The problem » Beginning with the line that holds "Chevrolet Express 3500" and finishing with the line that holds "Apartments Marino - Near", repeat the listing exactly, leaving every picture out.

Segment Start: Dataset entries

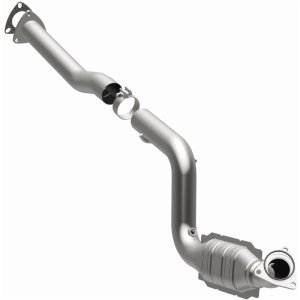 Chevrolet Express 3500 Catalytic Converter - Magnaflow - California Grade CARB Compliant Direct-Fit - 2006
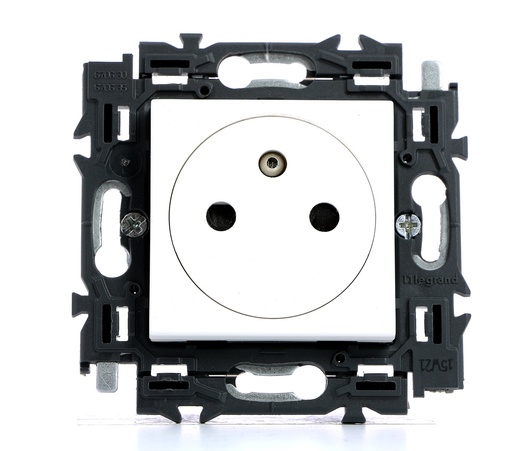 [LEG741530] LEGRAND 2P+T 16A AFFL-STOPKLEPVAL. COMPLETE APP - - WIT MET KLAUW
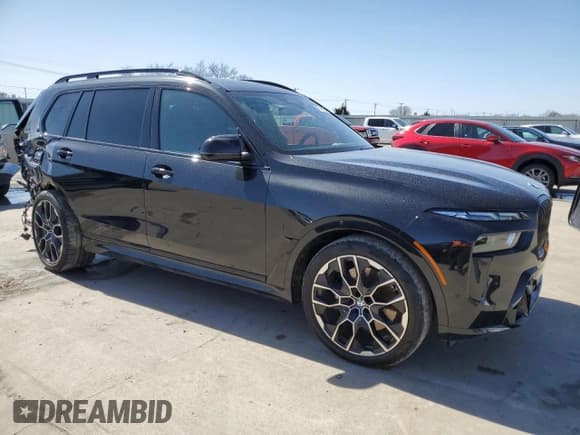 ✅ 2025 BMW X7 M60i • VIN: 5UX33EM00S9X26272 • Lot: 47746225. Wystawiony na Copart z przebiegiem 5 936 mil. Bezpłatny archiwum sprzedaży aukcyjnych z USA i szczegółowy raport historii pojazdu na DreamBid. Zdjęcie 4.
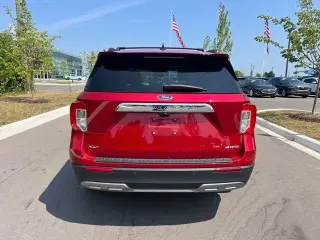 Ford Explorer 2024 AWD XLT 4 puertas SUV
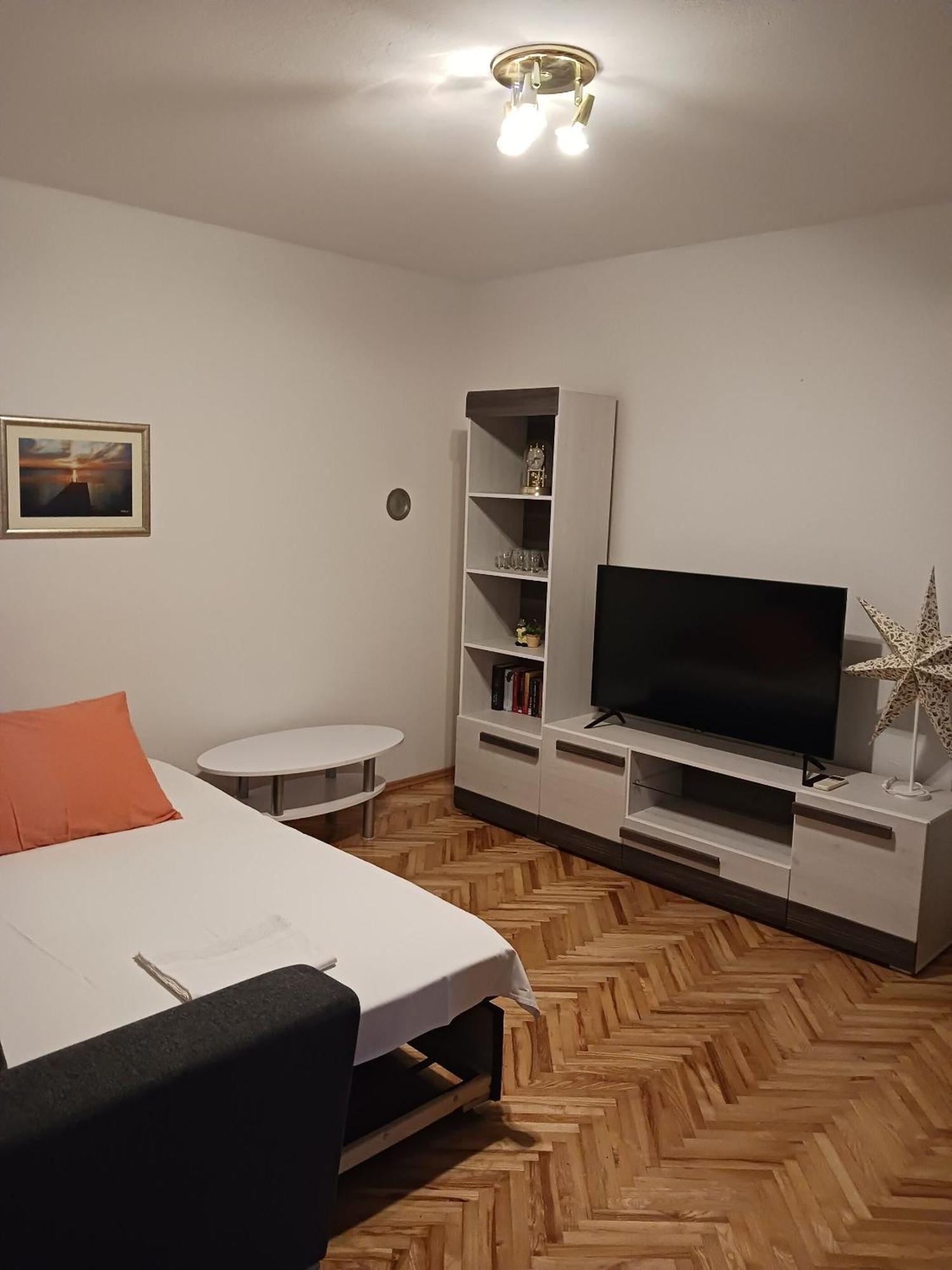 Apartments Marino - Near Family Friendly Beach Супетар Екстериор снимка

Segment End: Dataset entries
Segment Start: Dataset entries

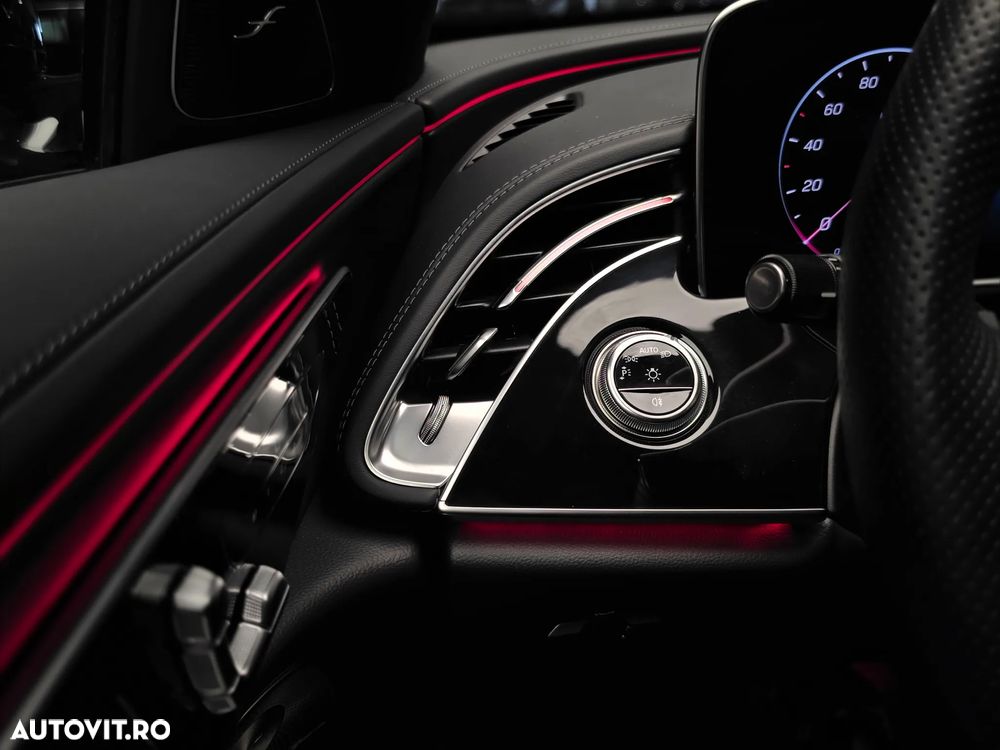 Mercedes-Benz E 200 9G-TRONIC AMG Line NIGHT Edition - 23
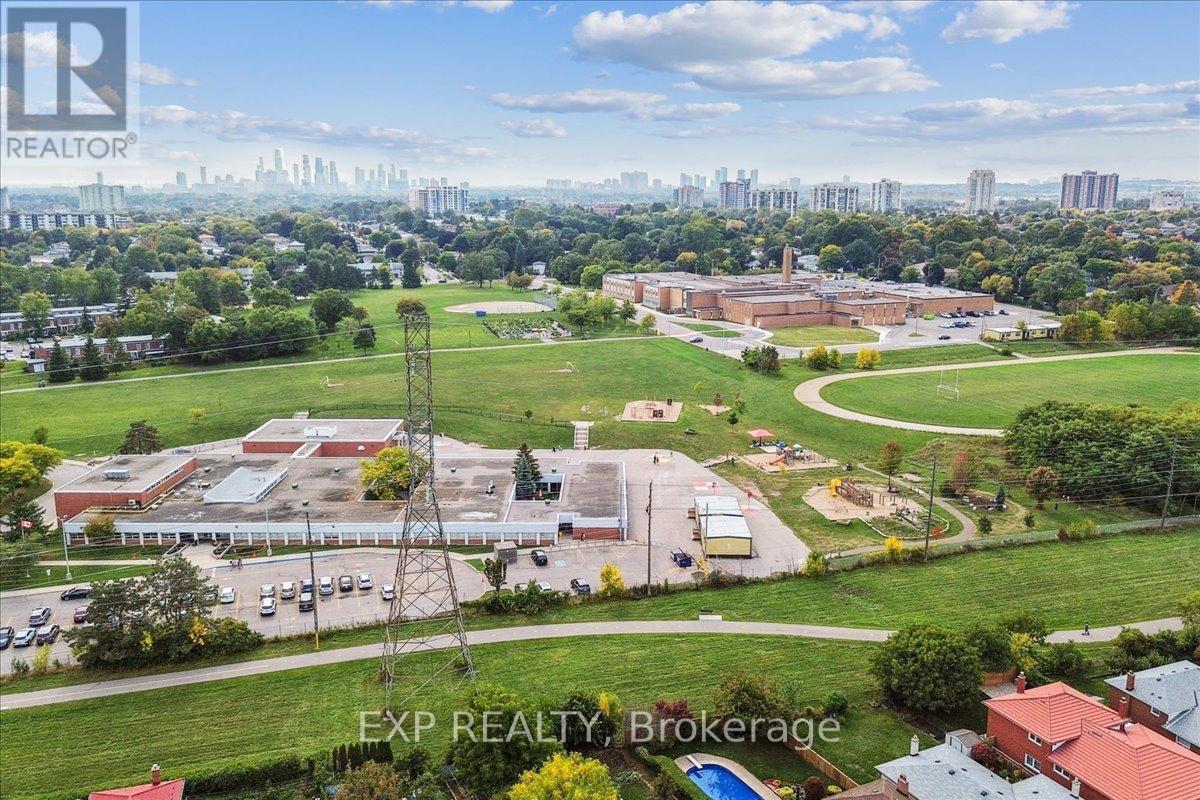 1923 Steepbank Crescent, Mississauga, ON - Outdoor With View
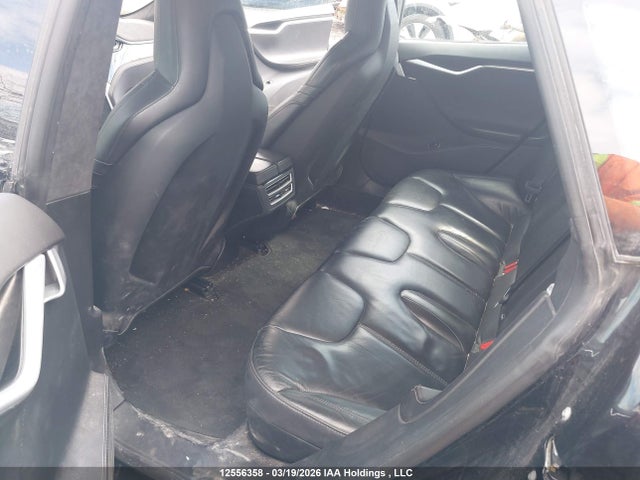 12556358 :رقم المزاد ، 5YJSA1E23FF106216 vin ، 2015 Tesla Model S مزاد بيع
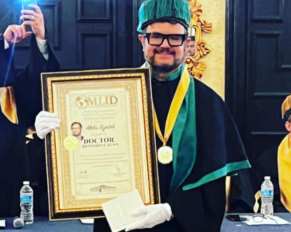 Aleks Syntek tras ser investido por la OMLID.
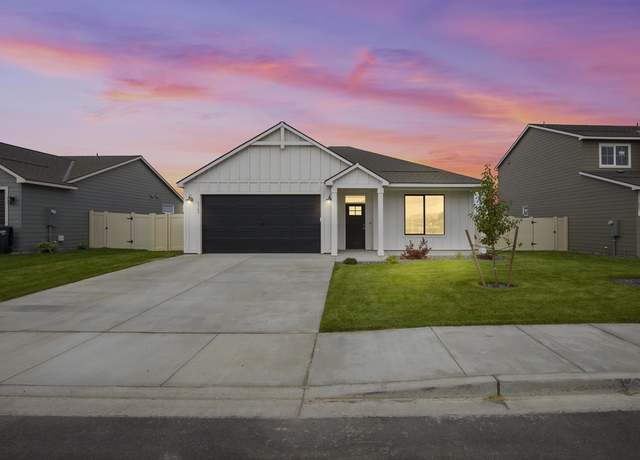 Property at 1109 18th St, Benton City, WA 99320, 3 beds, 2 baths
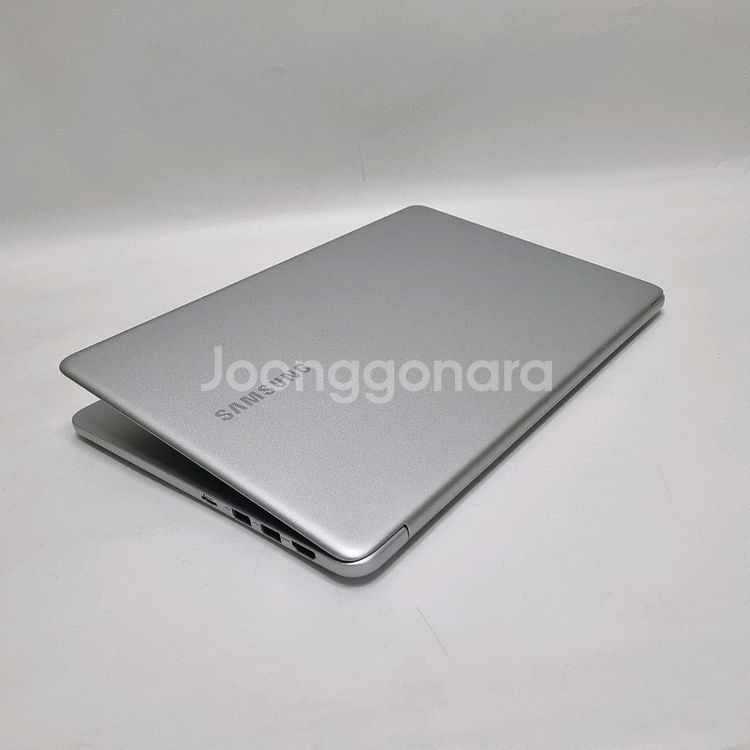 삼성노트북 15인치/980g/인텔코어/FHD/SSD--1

Segment End: Dataset entries
Segment Start: Dataset entries

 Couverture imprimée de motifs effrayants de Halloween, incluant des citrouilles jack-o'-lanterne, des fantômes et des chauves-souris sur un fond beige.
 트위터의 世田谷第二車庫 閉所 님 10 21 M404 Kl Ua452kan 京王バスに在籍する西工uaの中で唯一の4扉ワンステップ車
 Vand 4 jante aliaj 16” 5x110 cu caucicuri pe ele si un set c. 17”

Segment End: Dataset entries

Solution for this problem »
 Chevrolet Express 3500 Catalytic Converter - Magnaflow - California Grade CARB Compliant Direct-Fit - 2006
 [LEG741530] LEGRAND 2P+T 16A AFFL-STOPKLEPVAL. COMPLETE APP - - WIT MET KLAUW
 ✅ 2025 BMW X7 M60i • VIN: 5UX33EM00S9X26272 • Lot: 47746225. Wystawiony na Copart z przebiegiem 5 936 mil. Bezpłatny archiwum sprzedaży aukcyjnych z USA i szczegółowy raport historii pojazdu na DreamBid. Zdjęcie 4.
 Ford Explorer 2024 AWD XLT 4 puertas SUV
 Apartments Marino - Near Family Friendly Beach Супетар Екстериор снимка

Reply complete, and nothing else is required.